Principal Investigators:
Karsten Schwan,
Mustaque Ahamad
Technical contacts:
Karsten Schwan
(schwan@cc.gatech.edu)
and
Mustaque Ahamad
(mustaq@cc.gatech.edu)
High performance computing systems are moving from single, large-scale, homogeneous platforms like the CM-5 to heterogeneous platforms containing both uniprocessor and SMP nodes. In addition, by leveraging supercomputer technologies (e.g., Myricom and/or Dolphin boards), cluster machines can take on tasks formerly requiring supercomputer support. In fact, manufacturers are now attempting to leverage PC and workstation markets by developing products that can span the entire range of performance requirements from uniprocessor to supercomputer applications.

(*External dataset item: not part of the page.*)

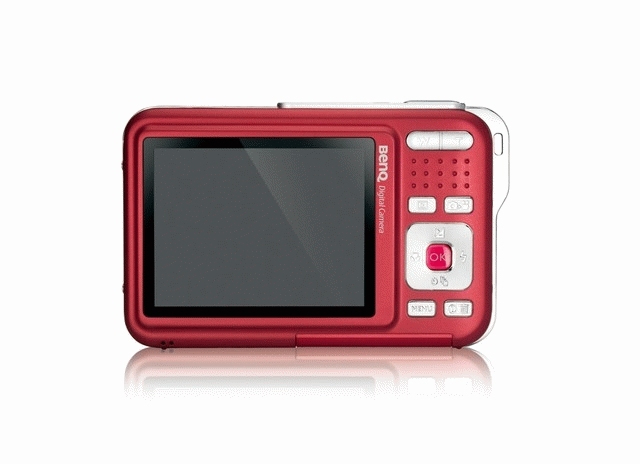 BenQ X835 Red – image 3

Given the architectural trends outlined above, end users must be able to write application programs such that they may run on any such platform. For operating systems, this results in pressure to support a single programming model capable of spanning all such machines. Shared memory or more precisely, distributed shared memory coupled with threads, is one such model, but it has been recognized that its scalability is limited to moderate size machines. The object model, on the other hand, has been shown to be useful for very large scale applications like those involving the world wide web; however, existing commercial implementations do not offer the performance necessary for its use with high performance applications on all of the machines indicated above. More specifically, CORBA-compliant object representations and the implementation of object communications do not adequately address the performance requirements of supercomputer applications. At the same time, parallel implementations of C++ do not permit programmers to vary object representations or the implementations of object communications to exploit specific attributes of underlying computational platforms.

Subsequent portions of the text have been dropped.